The Fundamental Polygon

We’ve received a couple questions on homework problem 2.2 regarding whether a constructive proof is necessary, i.e., do you need to actually come up with examples of triangulations that achieve the desired bounds? The answer is no: you simply need to show (algebraically) that these bounds hold.

But if you were looking for a constructive proof, a nice tool to know about is something called the fundamental polygon. The basic idea is that a torus of any genus can be cut into a single disk, which can be visualized as a polygon in the plane. Visualizing a triangulation (or other data) on the fundamental polygon is often much simpler than visualizing it on the embedded torus — consider this example, for instance:



Here the arrows mark identifications of edges — for instance, the top and bottom edges get “glued” together along the positive \(x\)-axis. (Try convincing yourself that these gluings really do produce a torus — note that at some point you’ll need to make a \(180^\circ\) “twist.”) One way to visualize the identifications is to imagine that the fundamental polygon tiles the plane:

The torus is interesting because it actually admits two different funamental polygons: the hexagon and the square (corresponding to two different tilings of the Euclidean plane). So we could also visualize the torus on the square, leading to an even simpler triangulation:



(By the way, is this really what you’d call a triangulation? Each region certainly has three sides, but each “triangle”‘ has only one vertex! What about the first example? There all triangles have three vertices, but they share the same three vertices. So combinatorially these triangles are not distinct — another way of saying this is that they do not form a valid simplicial complex. What’s the smallest simplicial decomposition you can come up with for the torus?)

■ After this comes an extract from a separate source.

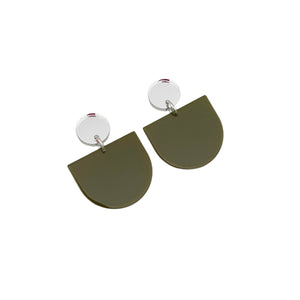 CLEARANCE - Drop Earrings Olive & Silver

In general the fundamental polygon for a torus of genus \(g\) has \(4g\) sides with identifications \(a_1 b_1 a_1^{-1} b_1^{-1} \cdots a_n b_n a^{-1}_n b_n\), where two edges with the same letter get identified and inverse just means that the edge direction is reversed. For instance, the fundamental polygon for the double torus looks like this:



(Note that all the polygon vertices ultimately get identified with a single point on the surface.) From here it becomes easy to start playing around with tessellations — for instance, here’s how you decompose a surface of any genus into quadrilaterals, using only two irregular vertices (can you do better?):



Tiling the Euclidean plane with the fundamental polygon is impossible for a surface of genus \(g \geq 2\), since the interior angles of the fundamental polygon don’t evenly divide \(2\pi\) (proof!). Fortunately, we can still tile the hyperbolic plane, i.e., the plane with constant negative curvature. For instance, here’s a tiling of the hyperbolic plane by octagons:



From here there are all sorts of fascinating things to say about covering spaces, uniformization, and especially the fundamental group of a surface — if you’re interested I highly recommend you take a look at Allen Hatcher’s (free!) book on algebraic topology.

One Response to “The Fundamental Polygon”

  1. Peter says:

    There is a distinction called “regular triangulation.” In that case identified edges and/or vertices are not allowed. For purely topological arguments more general triangulations (which allow such identifications) are often fine. Once one wants to have a smooth structure and talk about differentiability and such it is often more convenient or even necessary to make sure the triangulation is regular. (One has to be careful with nomenclature here as a regular triangulation in the context of computational geometry is a Delaunay triangulation with weights at the sites. A whole different concept.)